Higher capacity iPhone Battery (courtesy: 9to5Mac)
Recent leaks out of China have, howver, indicated that the next iPhone will likely move to a higher voltage chemistry, up from 3.7 V nominal to 3.8 V nominal. This follows the move that Motorola made over a year ago to the 3.8 V nominal chemistry where I saw it the first time. Since then Motorola has shipped almost all its phones with 3.8 V batteries, followed by Nokia and Samsung. Thus it seems highly likely that Apple will also move to this chemistry given maturity and the tangible benefits it provides to battery lifetime.
|Apple iPhone - Battery Trends|
|iPhone||2007||1400 mAh, 3.7V (5.18 Wh)|
|iPhone 3G||2008||1150 mAh, 3.7V (4.25 Wh)|
|iPhone 3GS||2009||1219 mAh, 3.7V (4.51 Wh)|
|iPhone 4||2010||1420 mAh, 3.7V (5.25 Wh)|
|iPhone 4S||2011||1430 mAh, 3.7V (5.29 Wh)|
|iPhone Next||2012||1440 mAh, 3.8V (5.47 Wh)|
Based on everything we've seen, and the analysis on the previous pages, it seems likely that the next iPhone will feature a dual-core Cortex A9 SoC built on Samsung's 32nm LP (HK+MG) process, with a PowerVR SGX 543MP2 driving a larger 4-inch display. Battery capacity will see a slight bump, but battery life itself should be measurably better compared to the iPhone 4S thanks to a move to 28/32nm silicon for the baseband and apps processor. LTE and TD-SCDMA support will likely be driven by a Qualcomm MDM9x15. Evolutionary improvements in the WiFi stack are a reasonable expectation, however NFC support isn't. There are still questions about final details (e.g. camera sensors) but a lot of what Apple has been doing with the iPhone closely follows an aggressive 2-year design and silicon cadence. It's the relentless competition and hyper Moore's Law curve in the smartphone space that drive Apple's development cycle here. I don't expect much change here for the next couple of years at least.

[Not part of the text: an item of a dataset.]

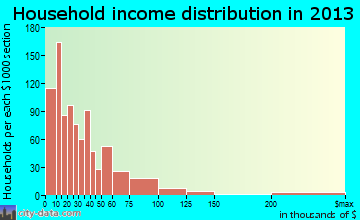 College Park household income distribution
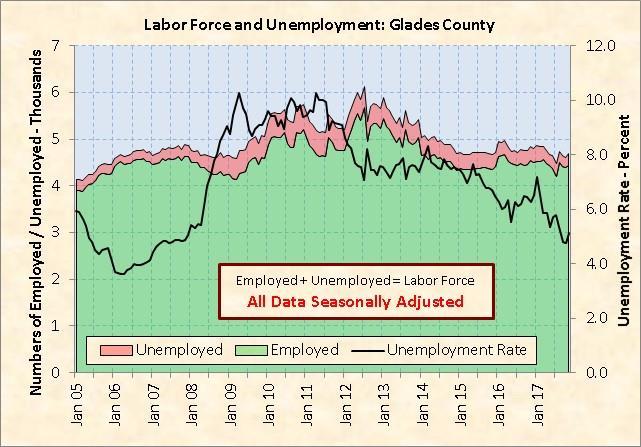 Chart 13: Glades County Labor Force and Unemployment Source: Florida Department of Economic Opportunity and seasonal adjustment by RERI Single-Family Building Permits Six-hundred eighty-eight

Despite the annual release schedule and a 2-year cadence for most silicon elements, Apple also appears to remain relatively conservative in how it adopts new technologies. Process nodes, new chip architectures, and new wireless standards are all evaluated with a fairly conservative eye. Apple's iPhone business is a well oiled machine at this point, any unnecessary risks are consistently avoided.